(What the task asks) Please restate word for word the lines of the entries below from the one with "10% korting & gratis levering voor jou!" to the one with "Citizen Eco-drive Dress", inclusive, and leave out every picture.

── Record set ──

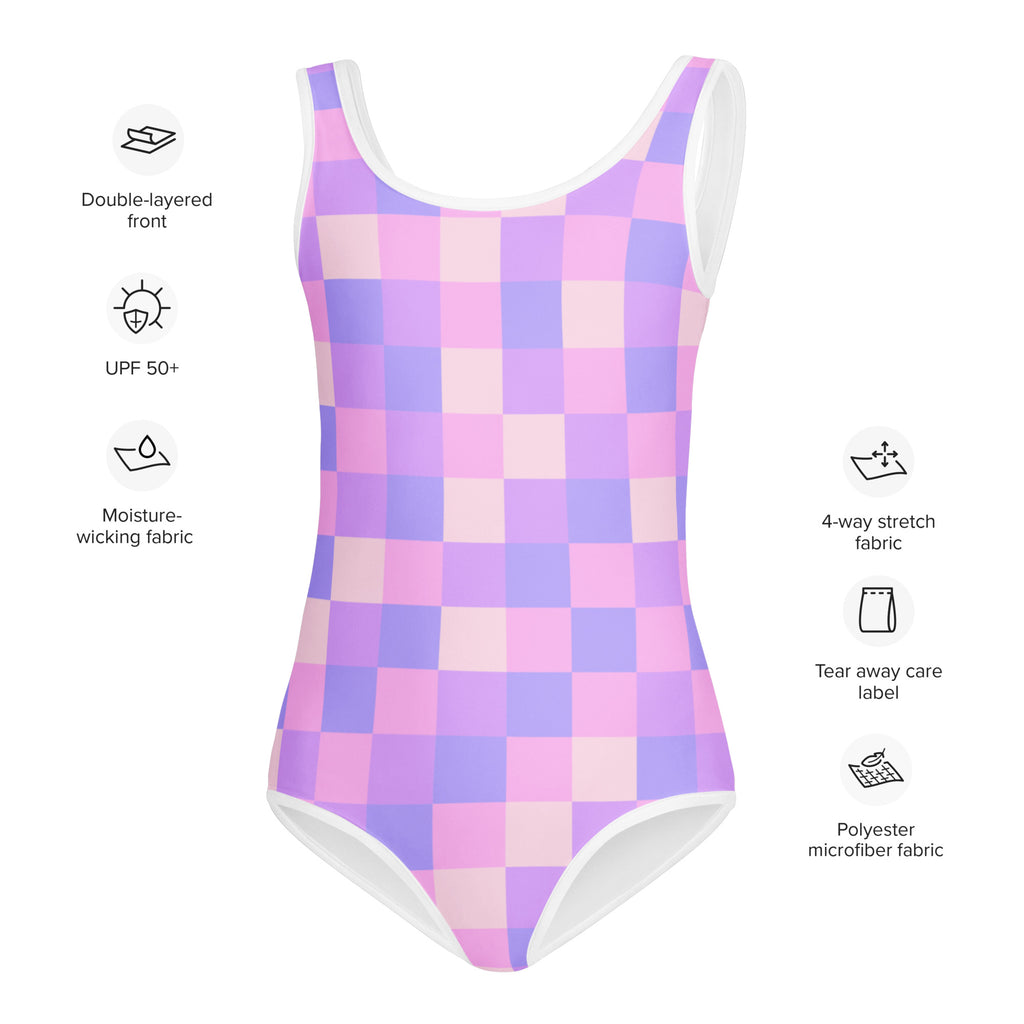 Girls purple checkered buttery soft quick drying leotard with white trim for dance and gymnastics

───
── Record set ──

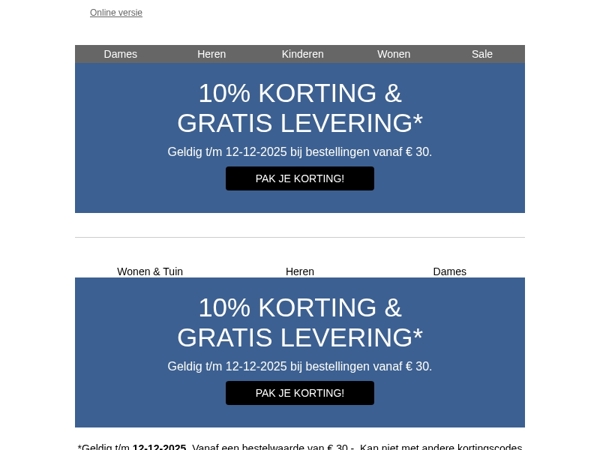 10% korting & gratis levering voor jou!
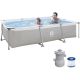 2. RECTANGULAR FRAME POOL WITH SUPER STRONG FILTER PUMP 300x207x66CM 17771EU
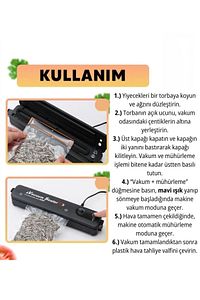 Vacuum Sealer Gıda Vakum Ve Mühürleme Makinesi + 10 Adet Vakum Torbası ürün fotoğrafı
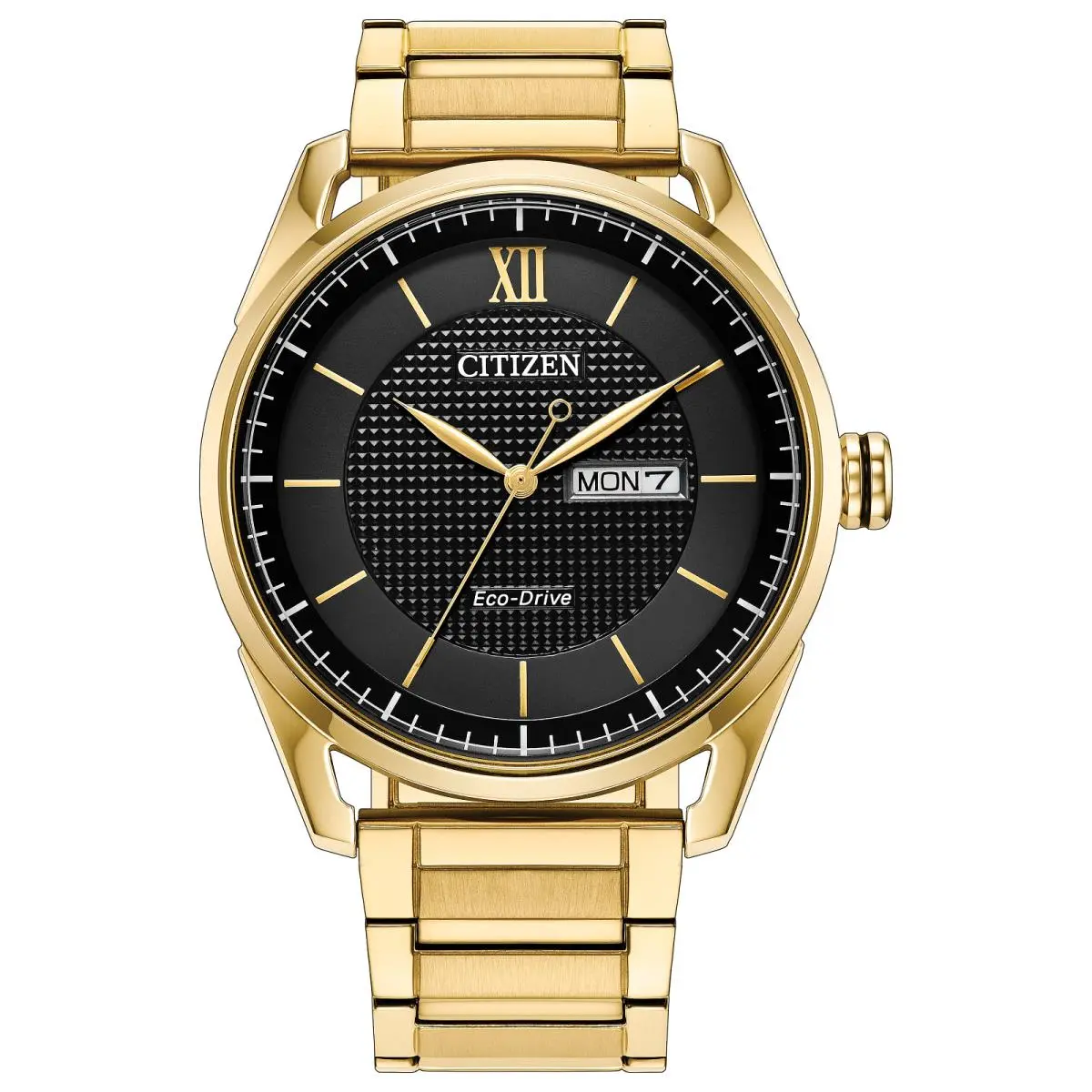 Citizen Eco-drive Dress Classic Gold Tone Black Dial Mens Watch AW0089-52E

───

(Exercise output)
 10% korting & gratis levering voor jou!
 2. RECTANGULAR FRAME POOL WITH SUPER STRONG FILTER PUMP 300x207x66CM 17771EU
 Vacuum Sealer Gıda Vakum Ve Mühürleme Makinesi + 10 Adet Vakum Torbası ürün fotoğrafı
 Citizen Eco-drive Dress Classic Gold Tone Black Dial Mens Watch AW0089-52E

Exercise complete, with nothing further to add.